Stored items from a collection:
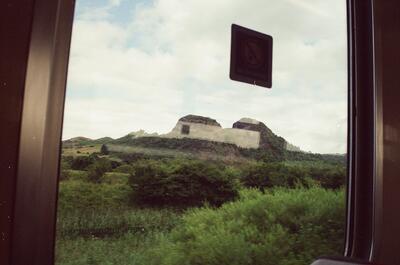 A hilltop ruin glimpsed from a moving train window — On the sleeper to Glasgow, Scotland (20-25 July 2000)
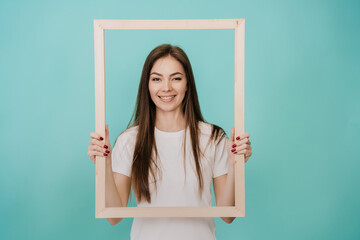 Young Italian woman with long hair in a white T-shirt stands on a turquoise background, holds a...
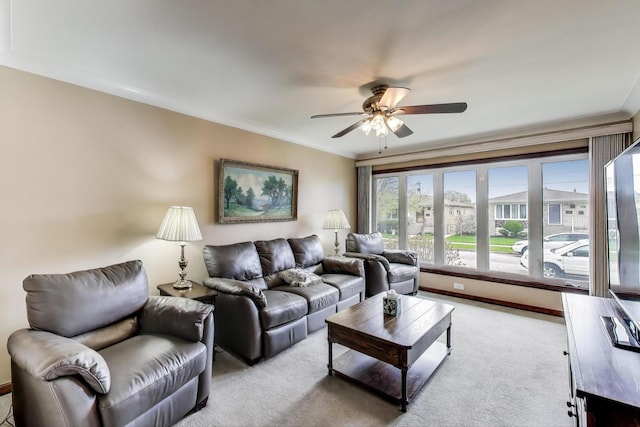 carpeted living room with crown molding, ceiling fan, and baseboards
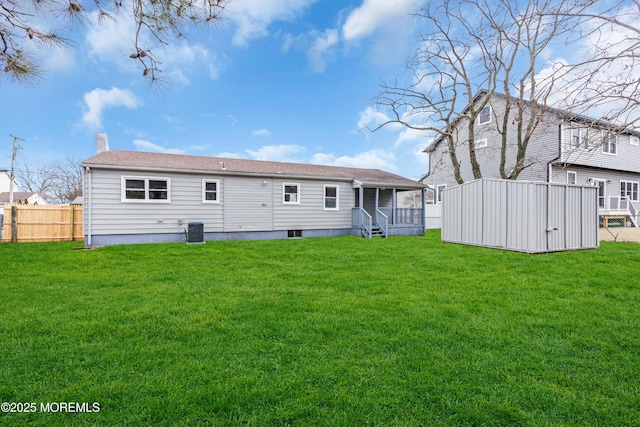 back of house with central AC, fence, and a lawn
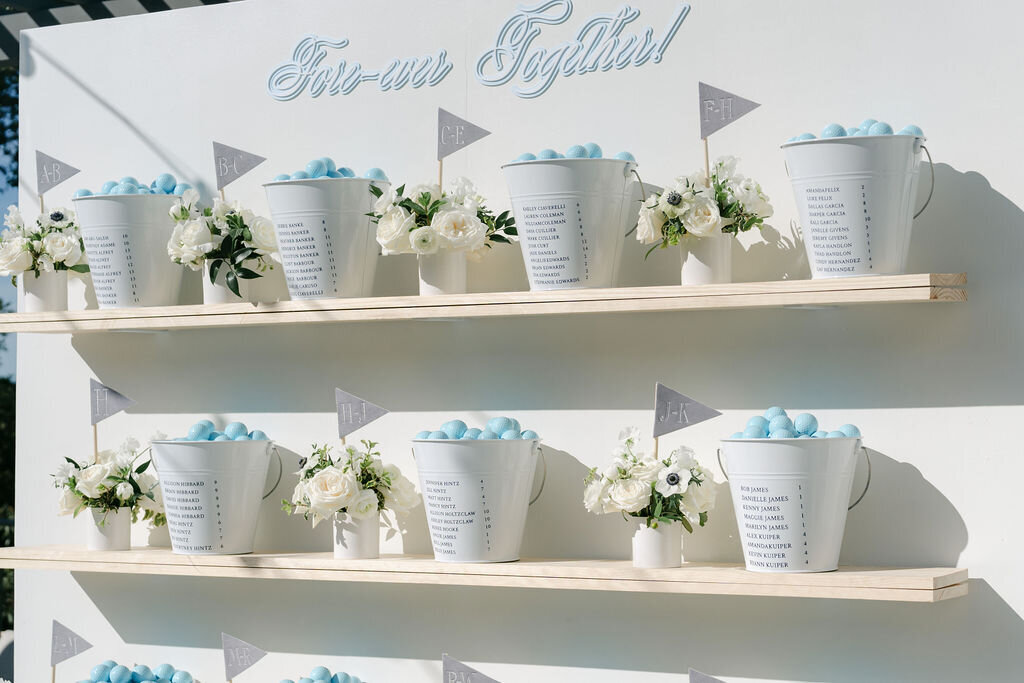 seating chart, golf balls, cocktail arrangements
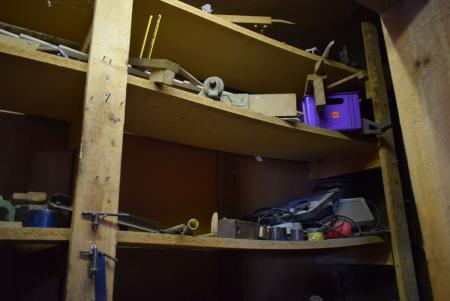 room with various power tools + 2 coffee mills
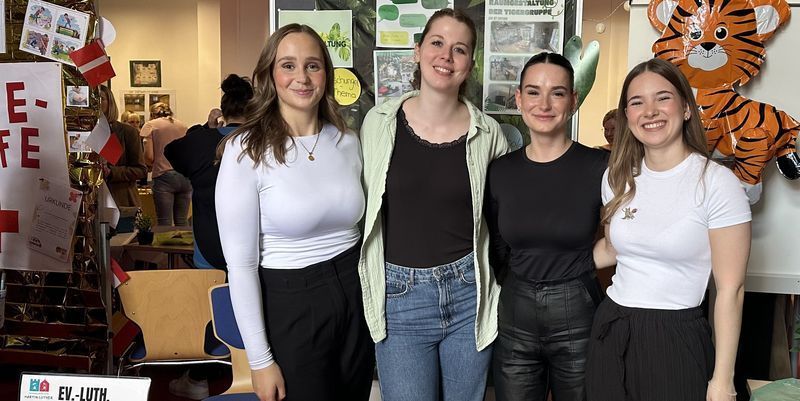 Vier junge Erwachsene an einem Informationsstand beim Markt der Möglichkeiten am Diakonie-Kolleg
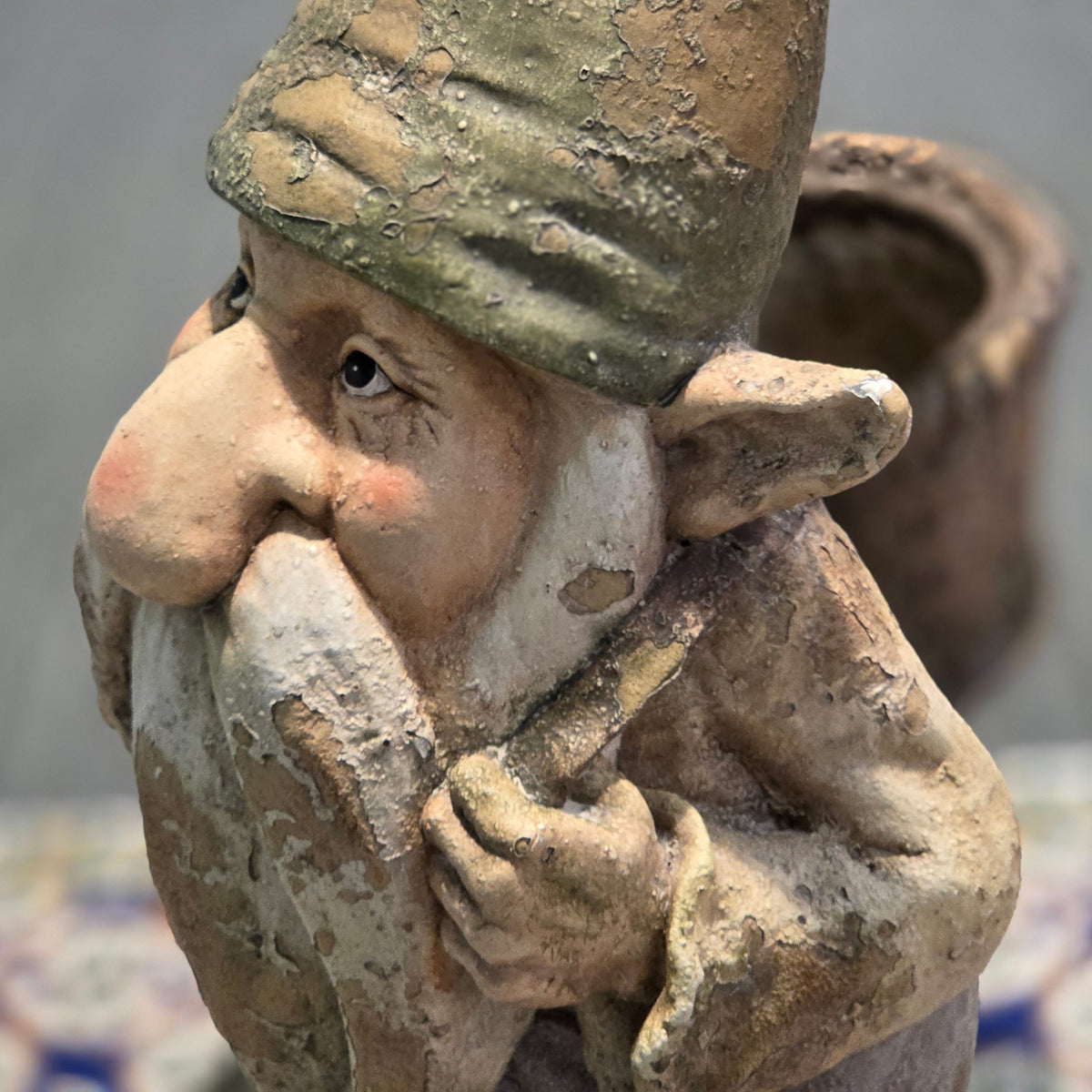 Close-up of the gnome's weathered face, pointed hat, hand, and back basket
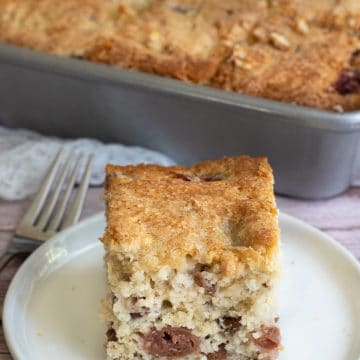 A slice of gluten free cherry cake on a plate next to the cake.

» **TASK DESCRIPTION**
The pictures in the entries above should be left out; all else must be copied exactly.

» **ANSWER TO THIS PROBLEM**
 A hilltop ruin glimpsed from a moving train window — On the sleeper to Glasgow, Scotland (20-25 July 2000)
 Young Italian woman with long hair in a white T-shirt stands on a turquoise background, holds a...
 carpeted living room with crown molding, ceiling fan, and baseboards
 back of house with central AC, fence, and a lawn
 seating chart, golf balls, cocktail arrangements
 room with various power tools + 2 coffee mills
 Vier junge Erwachsene an einem Informationsstand beim Markt der Möglichkeiten am Diakonie-Kolleg
 Close-up of the gnome's weathered face, pointed hat, hand, and back basket
 A slice of gluten free cherry cake on a plate next to the cake.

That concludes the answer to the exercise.